Task | Lines holding the string "modern" are the ones to copy; find them all in the data.

Recorded data |
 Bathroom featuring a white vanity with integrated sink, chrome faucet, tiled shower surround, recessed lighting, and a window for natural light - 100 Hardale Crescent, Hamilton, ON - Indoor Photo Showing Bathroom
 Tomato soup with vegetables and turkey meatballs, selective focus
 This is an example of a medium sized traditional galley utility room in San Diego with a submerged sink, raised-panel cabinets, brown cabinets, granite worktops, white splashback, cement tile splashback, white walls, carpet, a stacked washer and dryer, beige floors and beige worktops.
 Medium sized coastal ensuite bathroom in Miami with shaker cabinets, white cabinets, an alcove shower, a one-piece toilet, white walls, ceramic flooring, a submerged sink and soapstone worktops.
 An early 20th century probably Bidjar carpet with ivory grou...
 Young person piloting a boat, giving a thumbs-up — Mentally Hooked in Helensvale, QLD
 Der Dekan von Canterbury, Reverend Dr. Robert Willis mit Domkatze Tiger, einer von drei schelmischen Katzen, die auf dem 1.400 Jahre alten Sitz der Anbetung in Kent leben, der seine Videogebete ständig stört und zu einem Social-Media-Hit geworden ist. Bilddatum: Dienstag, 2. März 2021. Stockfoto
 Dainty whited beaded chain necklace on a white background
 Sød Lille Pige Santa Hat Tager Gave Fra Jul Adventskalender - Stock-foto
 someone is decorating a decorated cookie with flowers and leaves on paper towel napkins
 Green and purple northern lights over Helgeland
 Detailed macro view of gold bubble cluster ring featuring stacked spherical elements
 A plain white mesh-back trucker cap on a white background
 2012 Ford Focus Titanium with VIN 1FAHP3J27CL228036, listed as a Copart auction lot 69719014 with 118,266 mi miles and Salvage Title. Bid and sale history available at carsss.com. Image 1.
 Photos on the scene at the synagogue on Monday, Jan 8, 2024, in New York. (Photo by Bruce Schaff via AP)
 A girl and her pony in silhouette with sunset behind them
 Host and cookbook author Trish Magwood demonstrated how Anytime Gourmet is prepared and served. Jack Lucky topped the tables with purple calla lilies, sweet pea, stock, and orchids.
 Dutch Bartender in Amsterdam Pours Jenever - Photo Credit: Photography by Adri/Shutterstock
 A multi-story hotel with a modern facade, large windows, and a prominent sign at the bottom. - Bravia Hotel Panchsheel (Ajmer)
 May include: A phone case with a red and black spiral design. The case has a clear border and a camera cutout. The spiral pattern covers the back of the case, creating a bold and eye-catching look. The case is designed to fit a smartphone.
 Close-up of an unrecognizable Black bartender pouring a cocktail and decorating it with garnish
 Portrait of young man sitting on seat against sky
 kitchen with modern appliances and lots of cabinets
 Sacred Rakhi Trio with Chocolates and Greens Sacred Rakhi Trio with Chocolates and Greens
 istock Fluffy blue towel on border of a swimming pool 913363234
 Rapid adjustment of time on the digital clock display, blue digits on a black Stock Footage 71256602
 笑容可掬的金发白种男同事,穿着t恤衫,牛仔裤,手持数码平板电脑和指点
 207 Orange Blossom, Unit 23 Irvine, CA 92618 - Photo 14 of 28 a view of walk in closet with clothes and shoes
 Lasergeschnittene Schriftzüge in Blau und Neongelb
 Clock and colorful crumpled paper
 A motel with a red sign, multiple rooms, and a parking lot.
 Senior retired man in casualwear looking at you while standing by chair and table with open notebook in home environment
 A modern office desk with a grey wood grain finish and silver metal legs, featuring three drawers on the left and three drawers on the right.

Reply |
 A multi-story hotel with a modern facade, large windows, and a prominent sign at the bottom. - Bravia Hotel Panchsheel (Ajmer)
 kitchen with modern appliances and lots of cabinets
 A modern office desk with a grey wood grain finish and silver metal legs, featuring three drawers on the left and three drawers on the right.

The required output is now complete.